Table 3 Impact of intent attention module on model performance

On the Amazon-Book dataset, Multi-IAIGCN performs slightly worse than LightGCN and IA-GCN, but it performs significantly better than NGCF and greatly reduces the training difficulty. The reason is that Multi-IAIGCN adopts the interactive convolution approach of IA-GCN and aggregates the features of a node among its neighbors under the guidance of the opposite tree, thereby diversifying node representations. The reason why Multi-IAIGCN does not perform as well as other models on the Amazon-Book dataset is speculated to be the sparsity of interaction data (as shown in Table 1), while denser interaction data contributes more to the clustering of user intent in the model. Compared with LightGCN, our model (Multi-IAIGCN) is more effective in incorporating external guidance information.
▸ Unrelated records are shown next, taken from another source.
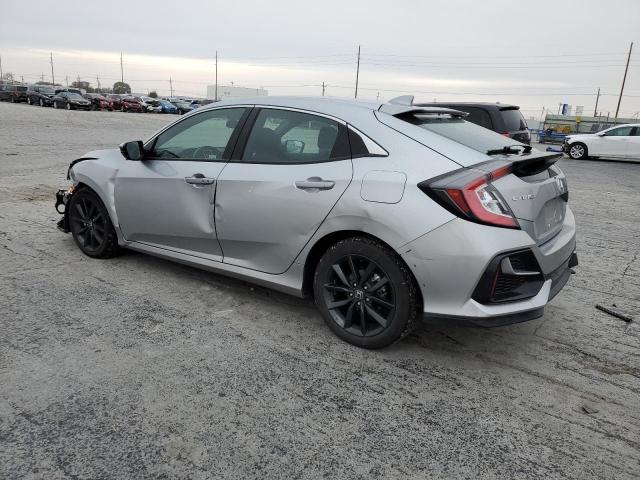 2021 HONDA CIVIC EX VIN: SHHFK7H69MU204663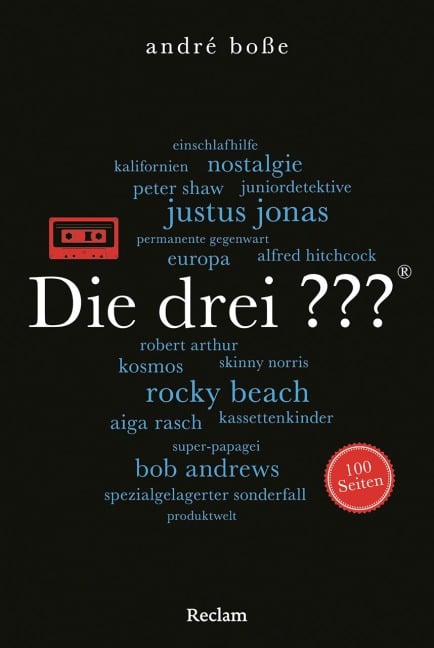 Die drei ???. 100 Seiten - André Boße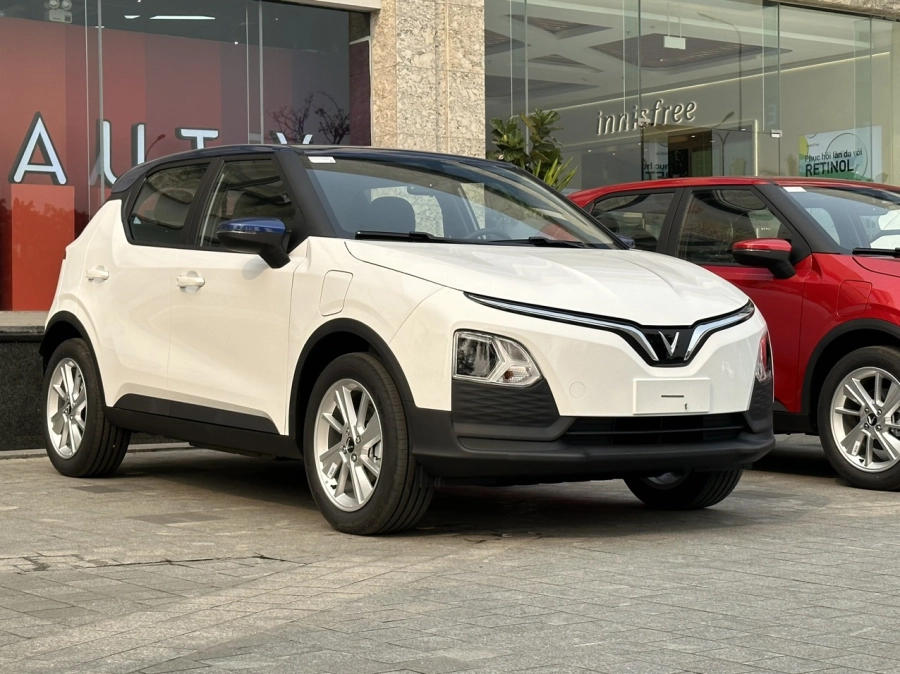 VinFast VF 5 Plus - 2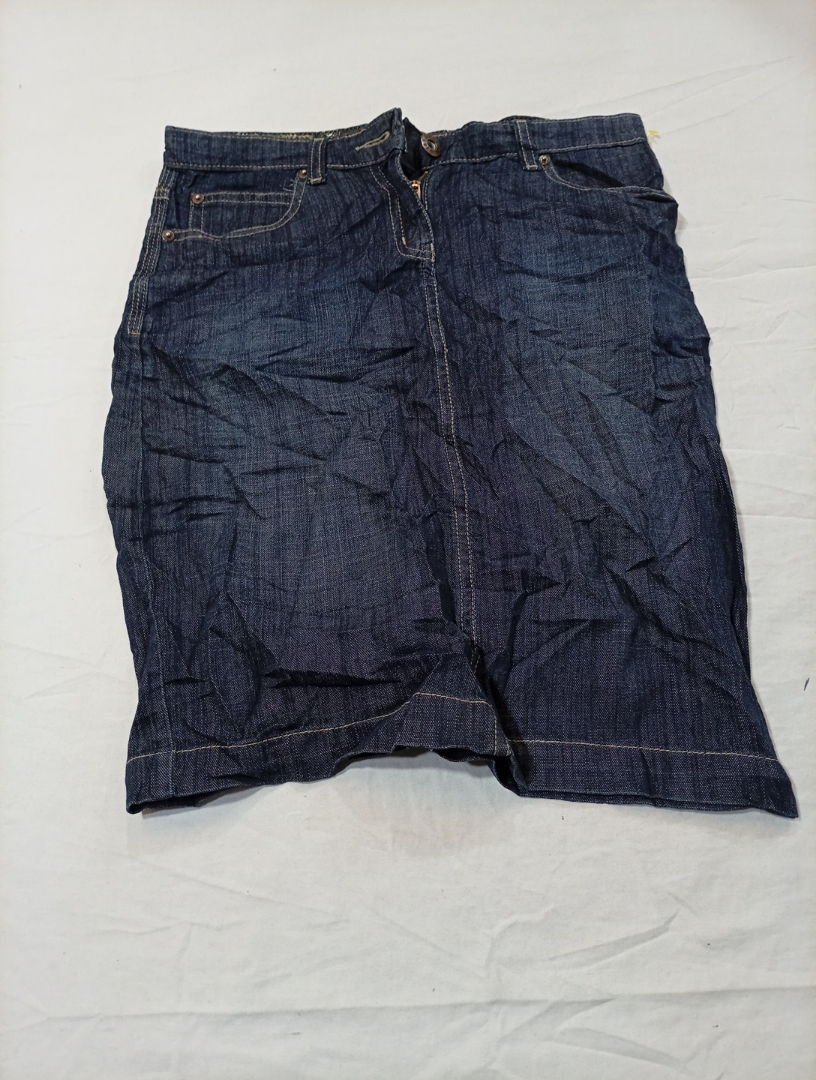 Bare Denim Jeans Shorts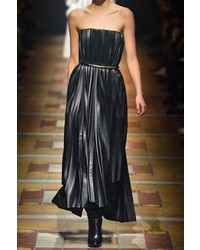 Женский серебряный ремень от Lanvin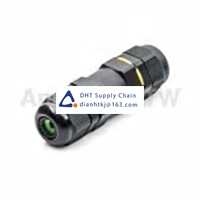 Amphenol Industrial_SC-L-PG12-03-RD_Circular connector
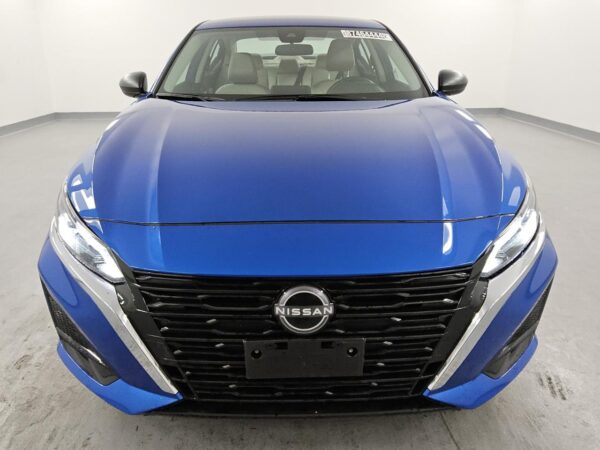 NISSAN ALTIMA BLUE - 1N4BL4DV5SN308774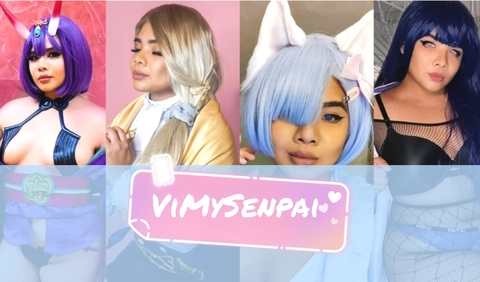 vimysenpai OnlyFans - Free Access to 32 Videos & 49 Photos Onlyfans Free Access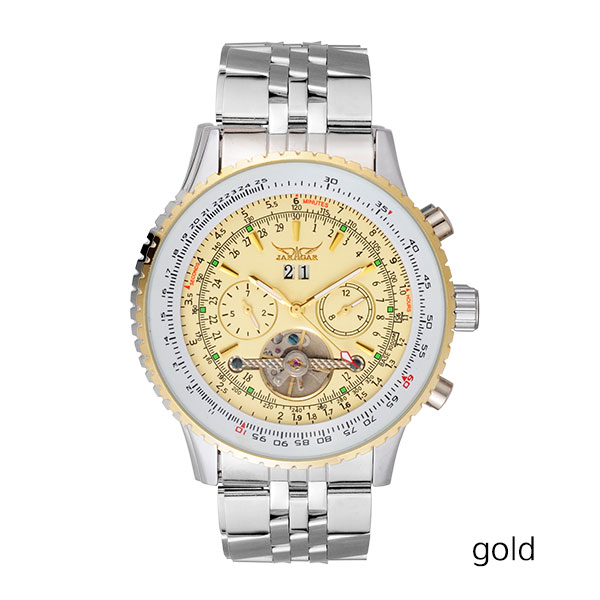JARAGAR – montre-bracelet de l - Tourbillon Movement Watch avis et prix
Compared with IA-GCN, our model is more effective in integrating multiple user intents and is more interpretable because it can model multiple user interests simultaneously.

Ablation experiments

Impact of the number of intentions

Experiments were conducted to assess the impact of the number of user intentions (denoted by K) in Multi-IAIGCN. In general, K affects not only the experimental results but also the complexity of the final model. The experimental results achieved on three datasets show that the model delivers the best performance when \(K = 4\).

Fig. 7
figure 7

Impact of intent attention module on model performance

In theory, the more the user intent features aggregated in a model, the better the performance of the model. From a practical perspective, data sparsity has a significant impact on model performance. Figure 6 shows the trend of changes in the model.As the number of user intentions increases, the problem of data sparsity caused by intent features becomes more obvious.

Impacts of interactive convolution and intent attention

Extensive experiments were conducted on interactive convolution and multi-intent attention modules with a focus on Multi-IAIGCN. To ensure fair comparison, the value of the hyperparameter K was set to 4. The experimental results have confirmed the superiority of our model and verified the importance of user intent diversification and interactive convolution in recommender systems.The experimental results are shown in Table 3.

A thorough analysis of the experimental results shows that, compared with the methods that only use IA-GCN or solely rely on multiple user intents to make recommendations, the proposed model performs exceptionally well, with significantly improved recommendation efficiency. These results(Fig. 7) further verify the effectiveness of our model.

Conclusion

In view of the limitations of existing recommendation methods, we conducted research on the recommendation methods that incorporate multiple user intents. This paper thoroughly analyzes the structural features of interactive graph convolutional neural networks and proposes a multi-intent-aware recommendation algorithm based on this analysis. The proposed model addresses the problem of low recommendation effectiveness in the presence of multiple user intents and avoids complete loss of signals from the counterpart tree during the aggregation process.

The model mainly consists of two modules designed to mine the true user intents. In the graph convolution module, an interactive convolution approach is used to aggregate the features of multiple user intents. In the multi-intent attention module, an attention mechanism is employed to assign weights to the effects of multiple user-intent embeddings, thus constructing global intent features and eliminating ambiguity in user intents. The experimental results show that the recommendation model proposed in this paper performs better on three public datasets than other mainstream recommendation models, especially on data sets with high interaction density(Restaurant: Density \(0.748\%\)). In the future, we will concentrate more attention on two directions: (a) expanding our experiments on datasets with higher interaction density to better demonstrate the effectiveness of our model, and (b) researching how to further improve the performance of the model on datasets with lower interaction density.